I have a Bourne shell (/bin/sh) script (for portability) that wants to monitor another program. It should start the other program, then wait for it to exit. When the second program exits, it does some final work and exits itself. The catch is that the script needs to also respond to a signals (eg USR2) and do some work when those signals show up.
My naive implementation is:
#! /bin/sh
echo $$
trap 'echo Respond to USR2' USR2
/bin/sleep 120 &
pid=$!
wait $pid
echo $pid exited with $?
echo Doing final cleanup
This doesn't work.
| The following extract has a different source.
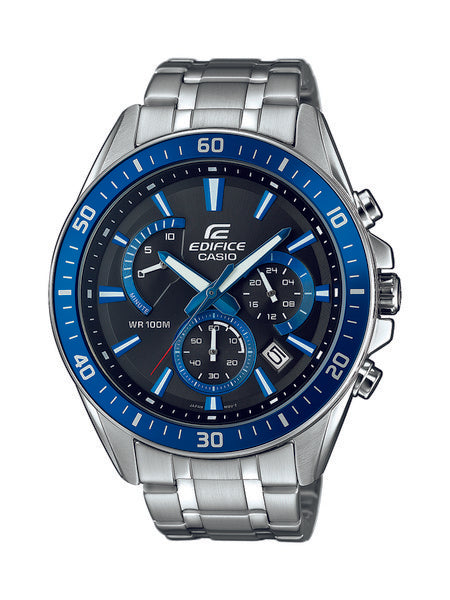 Casio Edifice EFR-552D-1A2VUEF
If I send the shell SIGUSR2, the trap fires as expected, but wait also finishes, returning 140. The /bin/sleep continues on its merry way. Typical output:
28849
Respond to USR2
28850 exited with 140
Doing final cleanup
This behaviour is consistent between dash and bash, the two Bourne shell derivatives I have convenient access to.
My current work around is to spin loop waiting for the child PID to disappear, probing with kill. Spin looping seems wasteful, and enlarges the window where my script might erroneously be waiting for the wrong process if PIDs are being rapidly reused.
#! /bin/sh
echo $$
trap 'echo Respond to USR2' USR2
/bin/sleep 15 &
pid=$!
while /bin/kill -0 $pid 2> /dev/null; do
echo waiting...
sleep 2
done
echo Doing final cleanup
Is there a better solution given my goal of simultaneously waiting for another process to exit and being able to respond to signals?